ASSIGNMENT: Each line below should be repeated exactly, but no picture should be carried over.
*** Opening of PROVIDED ENTRIES ***
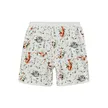 Certified Safe Bamboo Fiber Shorts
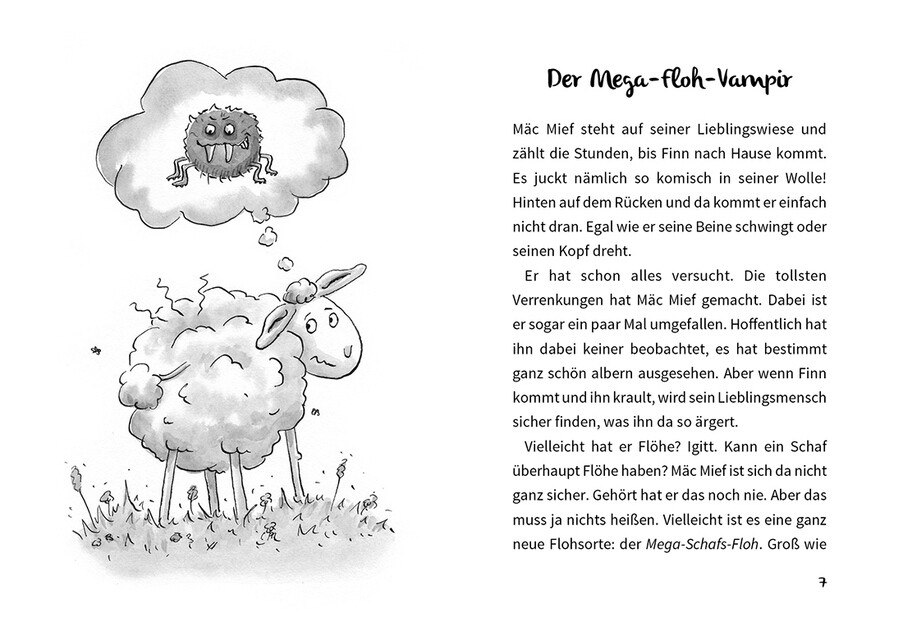 Thumbnail - Carola Becker Mäc Mief Und Die Ungeheuerliche Nessie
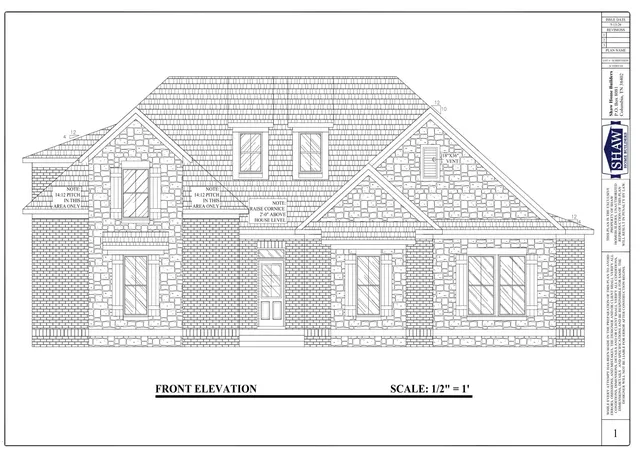 Photo 1 of Single family home for sale at 4054 Advocate Path, Culleoka, TN 38451 | MLS# 3530673 | Listing updated on 2026-09-01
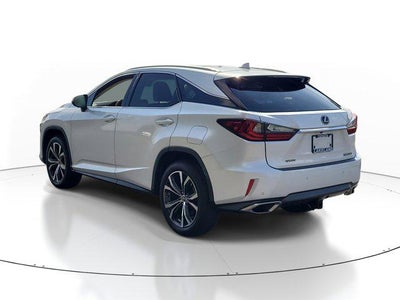 2018 Lexus RX 350 RX 350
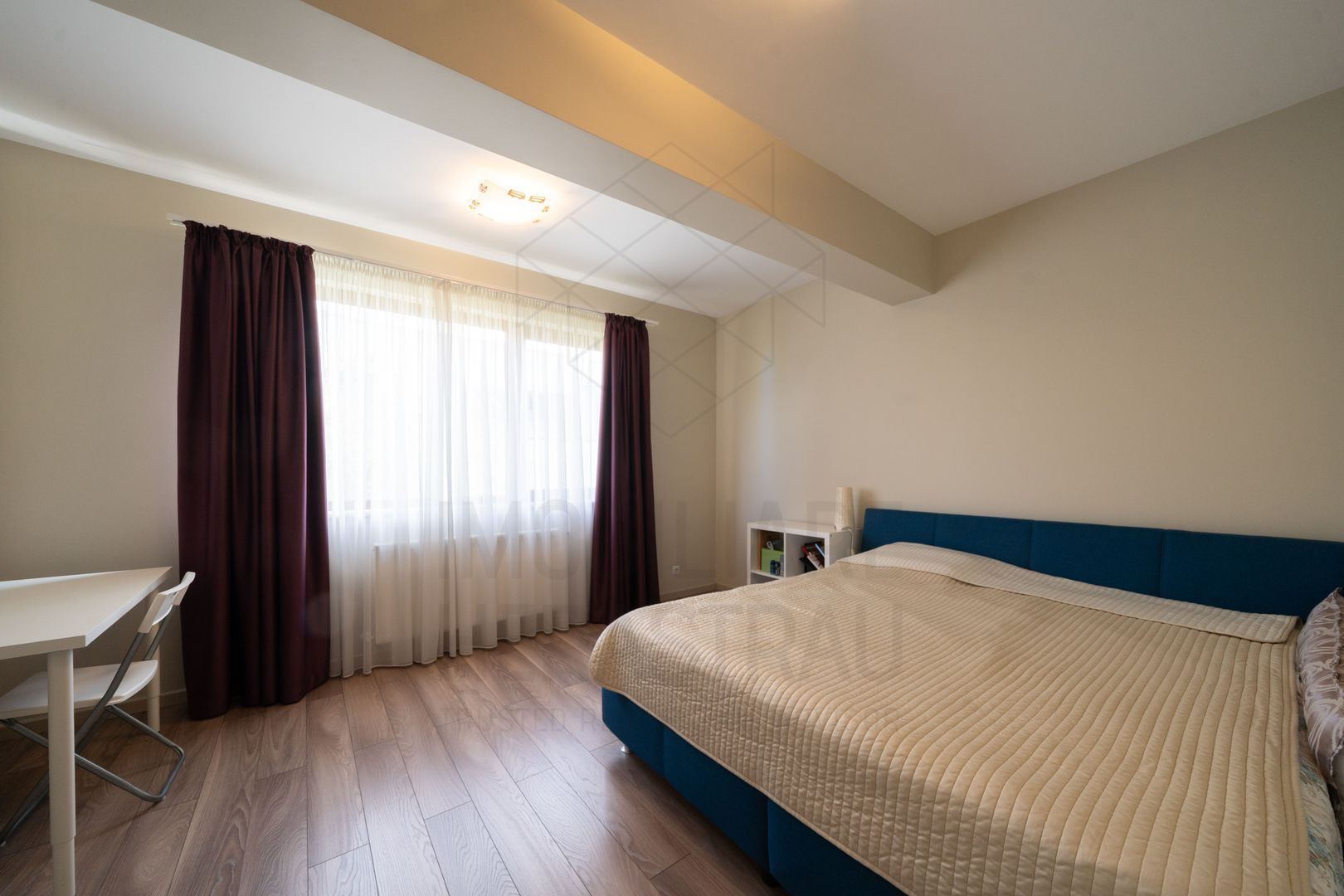 Mandala Suite | Herastrau | 4 camere, parcare si boxa | Centrala proprie
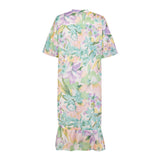 KAROLINE-DRESS - PASTEL FLOWER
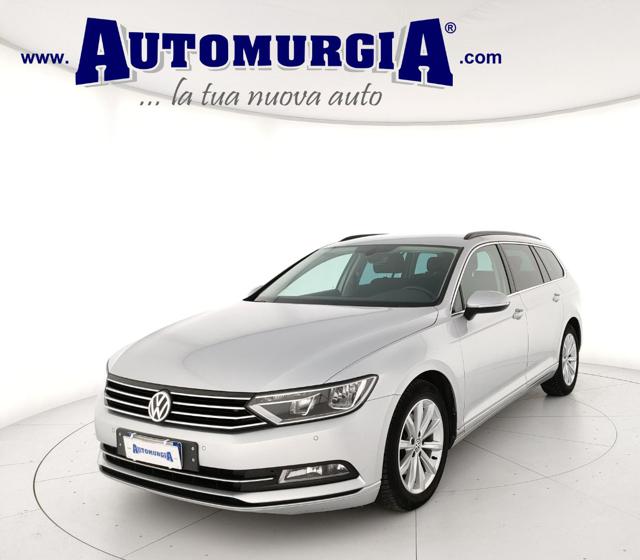 VOLKSWAGEN Passat Variant 2.0 TDI DSG Business BlueMotion Tech Immagine 1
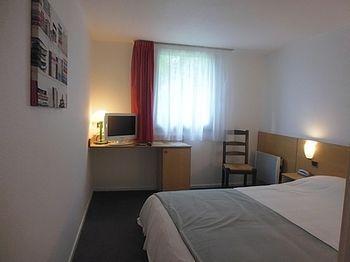 Hostellerie Des Enclos Guimiliau Eksteriør bilde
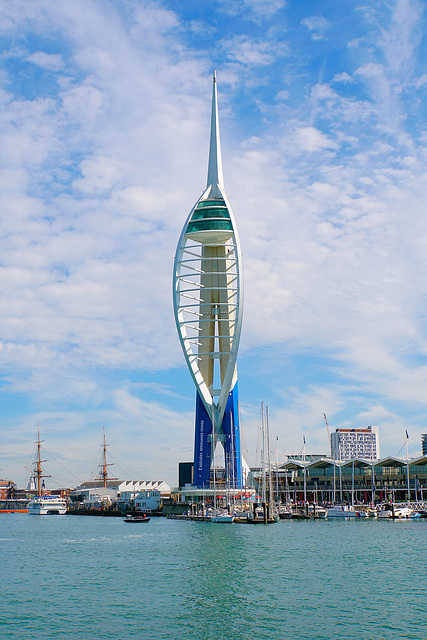 Spinnaker Tower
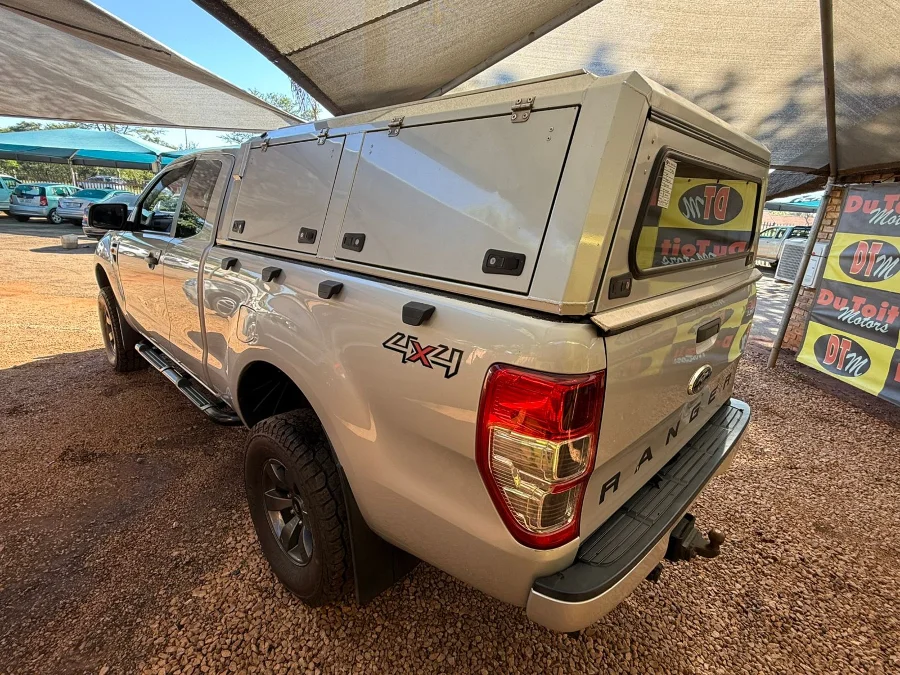 Used 2014 Ford Ranger 3.2TDCi SuperCab 4x4 XLS auto - Du Toit Motors Used 2014 Ford Ranger 3.2TDCi SuperCab 4x4 XLS auto - Du Toit Motors
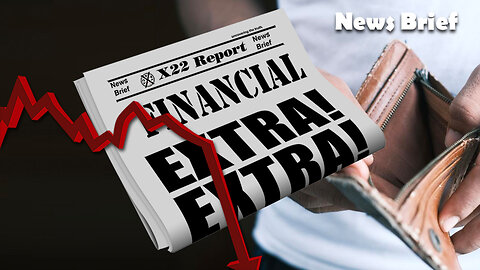 Ep. 3242a - The World Sees The Economic Conditions Deteriorating, People Are Asking Why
*** Close of PROVIDED ENTRIES ***
RESPONSE TO THIS TASK:
 Certified Safe Bamboo Fiber Shorts
 Thumbnail - Carola Becker Mäc Mief Und Die Ungeheuerliche Nessie
 Photo 1 of Single family home for sale at 4054 Advocate Path, Culleoka, TN 38451 | MLS# 3530673 | Listing updated on 2026-09-01
 2018 Lexus RX 350 RX 350
 Mandala Suite | Herastrau | 4 camere, parcare si boxa | Centrala proprie
 KAROLINE-DRESS - PASTEL FLOWER
 VOLKSWAGEN Passat Variant 2.0 TDI DSG Business BlueMotion Tech Immagine 1
 Hostellerie Des Enclos Guimiliau Eksteriør bilde
 Spinnaker Tower
 Used 2014 Ford Ranger 3.2TDCi SuperCab 4x4 XLS auto - Du Toit Motors Used 2014 Ford Ranger 3.2TDCi SuperCab 4x4 XLS auto - Du Toit Motors
 Ep. 3242a - The World Sees The Economic Conditions Deteriorating, People Are Asking Why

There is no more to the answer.